Task:
The answer is to be the lines of the material from its start through the line containing "Western blot - GluR2/3", each copied exactly; no pictures.

Data shown:
──────────────────────────────

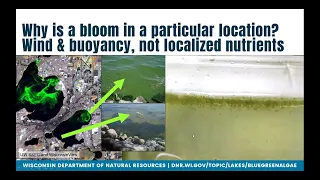 Algal Bloom Action Team December Webinar: Monitoring Cyanobacterial Blooms and Their Public Impacts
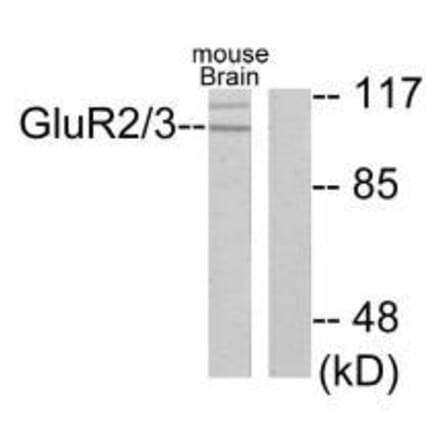 Western blot - GluR2/3 Antibody from Signalway Antibody (33386) - Antibodies.com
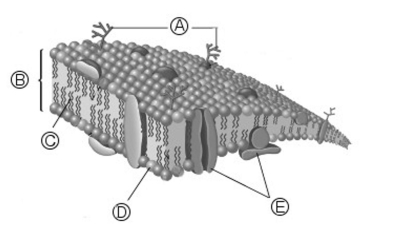 Answer the question(s) that follow about the diagram shown below.   -In this diagram of a cell membrane, the objects labeled (E) are A) steroids. B) carbohydrate side chains. C) phospholipids. D) hydrophobic regions. E) proteins.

──────────────────────────────

Exercise answer:
 Algal Bloom Action Team December Webinar: Monitoring Cyanobacterial Blooms and Their Public Impacts
 Western blot - GluR2/3 Antibody from Signalway Antibody (33386) - Antibodies.com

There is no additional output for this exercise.